Real and complex limits
let $z_n=x_n+iy_n$
then $\sum_{n=1}^{\infty} z_n=\sum_{n=1}^{\infty} x_n+ i\sum_{n=1}^{\infty} y_n$
suppose that $\sum_{n=1}^{\infty} x_n$ and $\sum_{n=1}^{\infty} y_n$ converge
let $\epsilon>0$
$\sum_{n=1}^{\infty} x_n$ converges then $\exists N_1$ integer such that for every $n>=N_1$ we have $|\sum_{n=1}^{\infty} x_n-S| < \epsilon/2$
$\sum_{n=1}^{\infty} y_n$ converges then $\exists N_2$ integer such that for every $n>=N_2$ we have $|\sum_{n=1}^{\infty} y_n-L| < \epsilon/2$
Thus for $n>=max(N_1,N_2)$ we have
$|\sum_{n=1}^{\infty} z_n-(S+i L|<=|\sum_{n=1}^{\infty} x_n-S|+|\sum_{n=1}^{\infty} y_n-L|<\epsilon/2+\epsilon/2=\epsilon$
therefore $\sum_{n=1}^{\infty} z_n$ converges
Suppose now that $\sum_{n=1}^{\infty} z_n$ converges to $\gamma=\alpha +i\beta$
$|\sum_{n=1}^{\infty} x_n-\alpha|<=|\sum_{n=1}^{\infty} x_n-\alpha + i\sum_{n=1}^{\infty} y_n-\beta|=|\sum_{n=1}^{\infty} z_n-\gamma|$ thus $\sum_{n=1}^{\infty} x_n$ converges
$|\sum_{n=1}^{\infty} y_n-\beta|<=|\sum_{n=1}^{\infty} x_n-\alpha + i\sum_{n=1}^{\infty} y_n-\beta|=|\sum_{n=1}^{\infty} z_n-\gamma|$ thus $\sum_{n=1}^{\infty} y_n$ converges
@felyahia The question is about sequences - not series.
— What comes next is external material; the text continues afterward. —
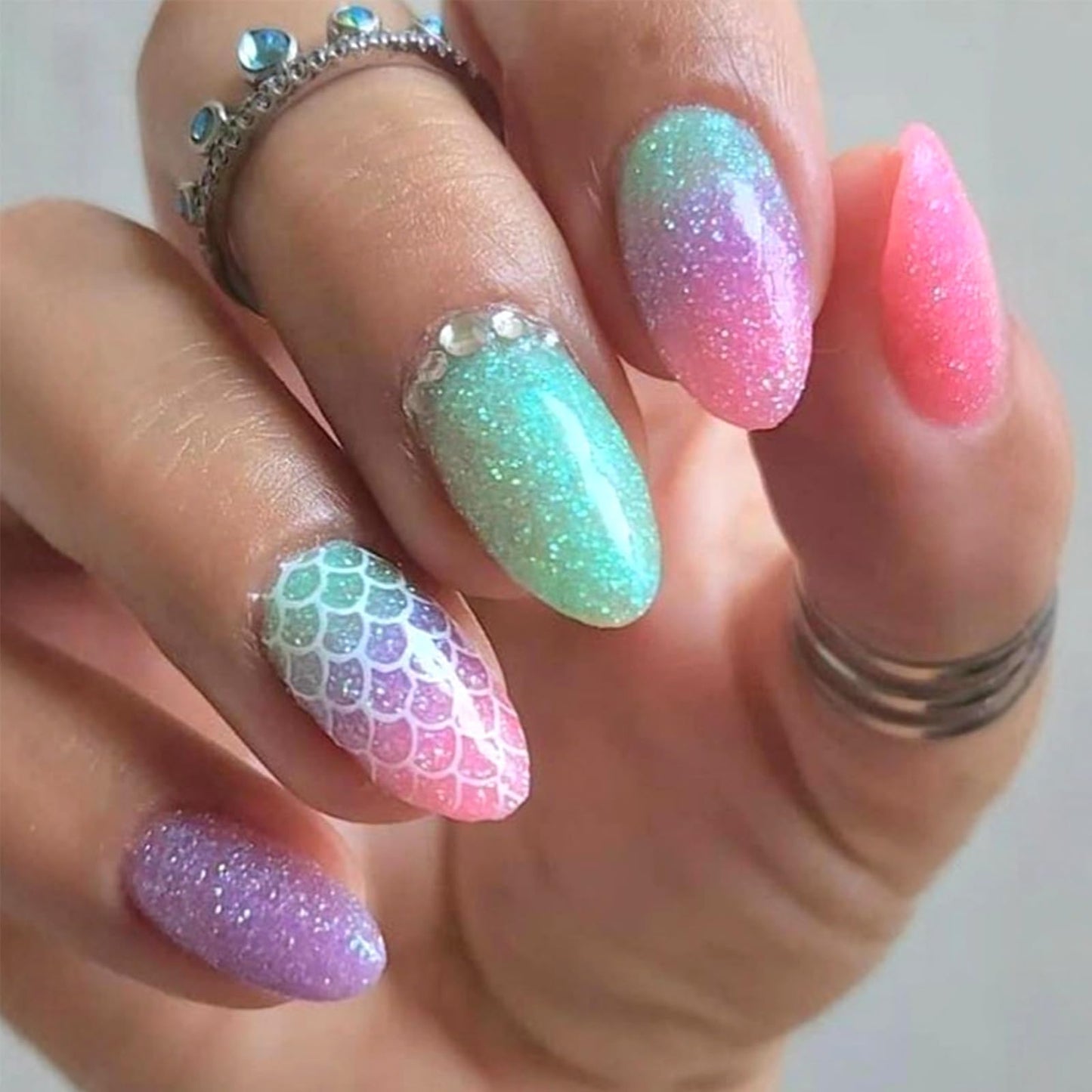 Mermaid Press on Nails Short Oval Fake Nails with Gradient Glitter Rhinestone Designs Ocean Press on False Nails Colorful Acrylic Nail Full Cover Artificial Stick on Nail for Women 24Pcs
If you work in that context, I think you'll avoid some crucial mistakes. For example, in lines 5 and 6, how can you have $n>N_{1\text{ or }2}$ if $n$ is an index of summation?
I think this reasoning works for series and for sequences as well, and you're right for n is an index of summation makes things messy. Can I rectify this mistake by using
$\sum_{k=1}^{n} $ instead of $\sum_{n=1}^{\infty} $ and make n go to infinity?